WHAT YOU HAVE TO DO — Pictures don't belong in the copy; print all the records exactly.

BEGIN SOURCE INFORMATION

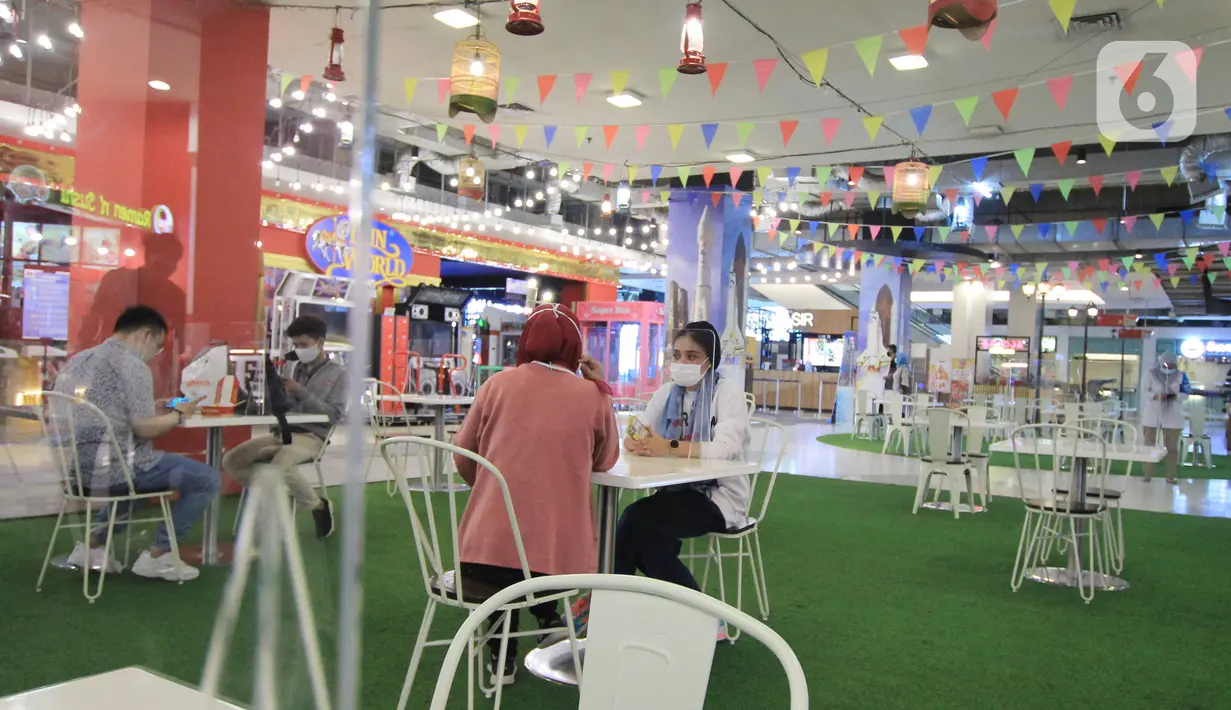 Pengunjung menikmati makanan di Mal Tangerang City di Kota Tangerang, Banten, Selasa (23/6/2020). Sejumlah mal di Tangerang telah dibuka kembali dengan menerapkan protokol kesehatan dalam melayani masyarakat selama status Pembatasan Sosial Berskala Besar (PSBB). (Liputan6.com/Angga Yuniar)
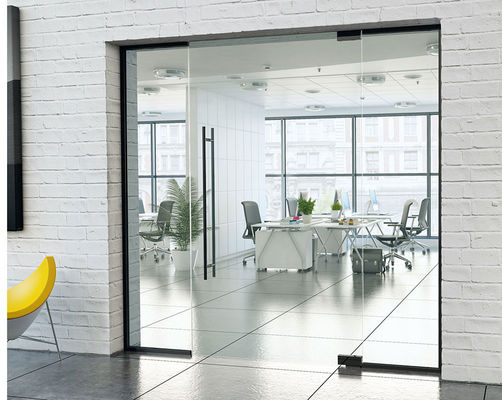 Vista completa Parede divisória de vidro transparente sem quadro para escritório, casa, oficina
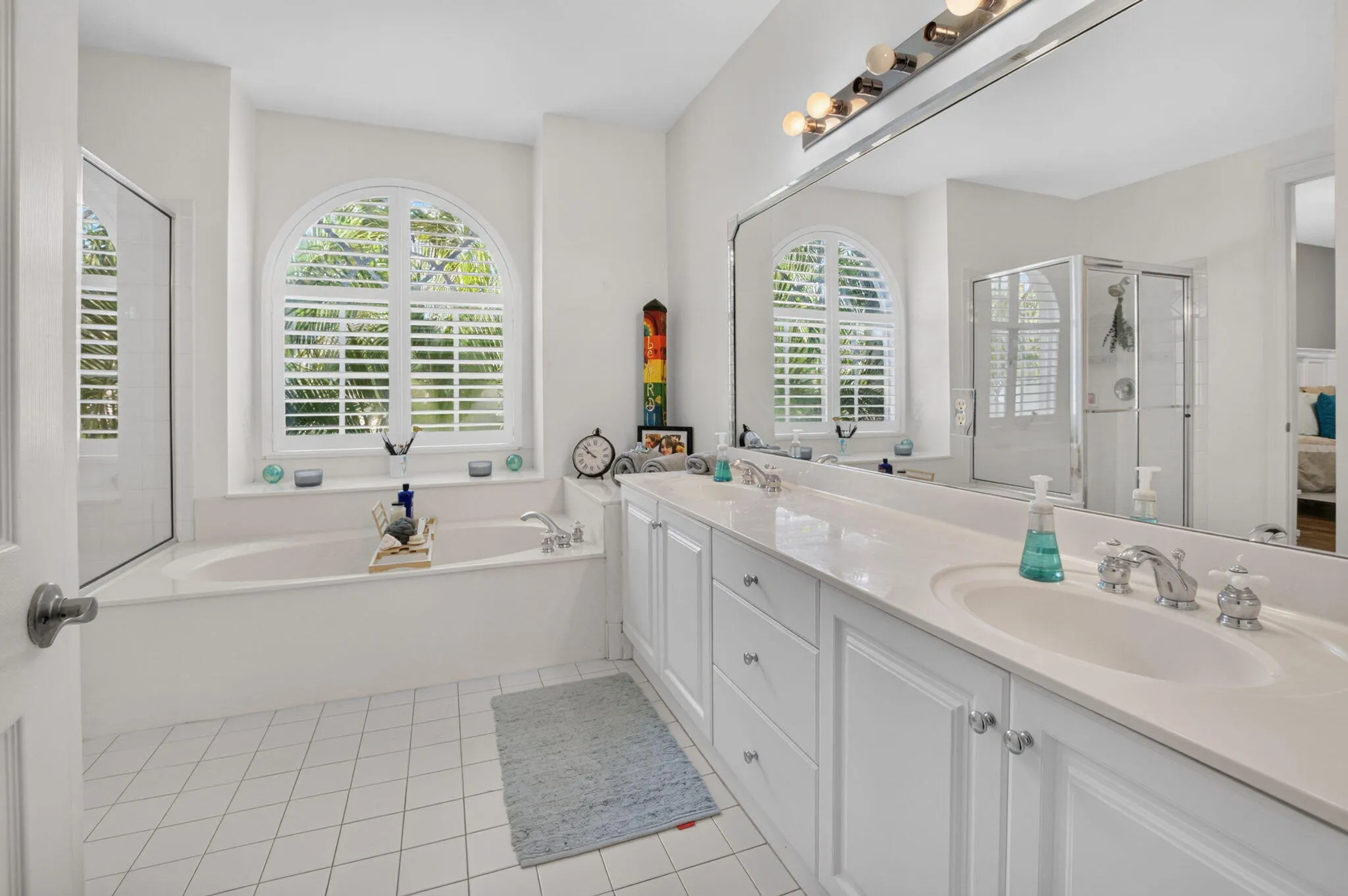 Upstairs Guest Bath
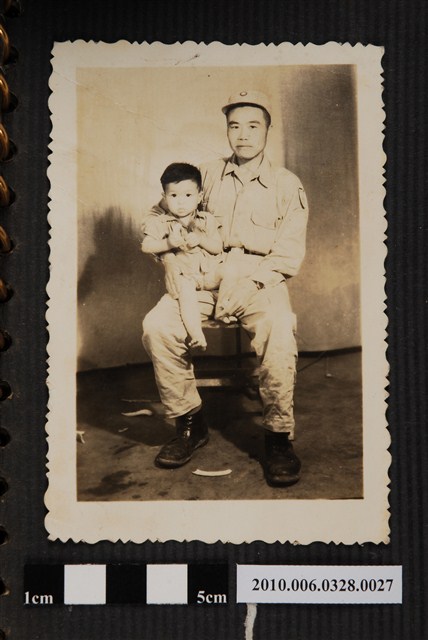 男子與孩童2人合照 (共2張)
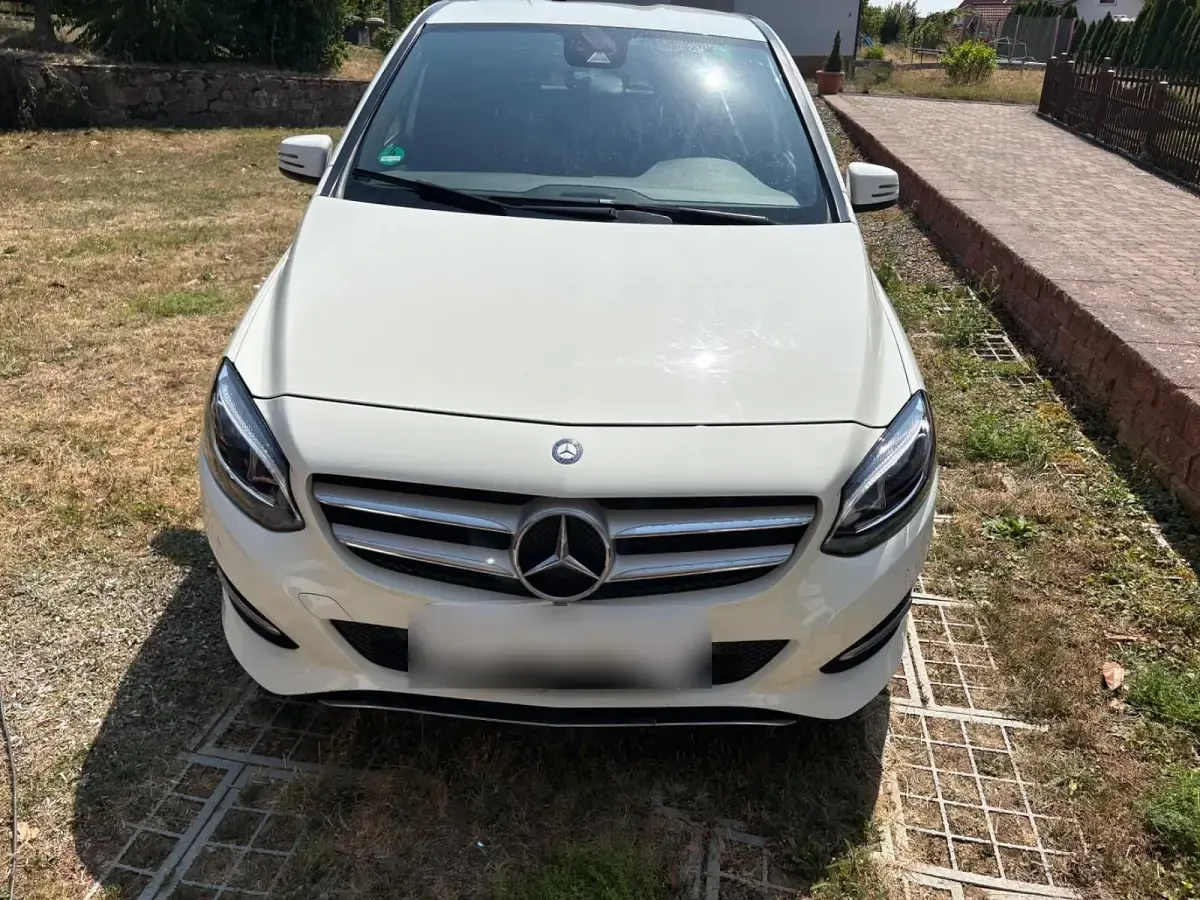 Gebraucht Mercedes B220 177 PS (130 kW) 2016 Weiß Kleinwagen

END SOURCE INFORMATION

ANSWER FOR THE TASK —
 Pengunjung menikmati makanan di Mal Tangerang City di Kota Tangerang, Banten, Selasa (23/6/2020). Sejumlah mal di Tangerang telah dibuka kembali dengan menerapkan protokol kesehatan dalam melayani masyarakat selama status Pembatasan Sosial Berskala Besar (PSBB). (Liputan6.com/Angga Yuniar)
 Vista completa Parede divisória de vidro transparente sem quadro para escritório, casa, oficina
 Upstairs Guest Bath
 男子與孩童2人合照 (共2張)
 Gebraucht Mercedes B220 177 PS (130 kW) 2016 Weiß Kleinwagen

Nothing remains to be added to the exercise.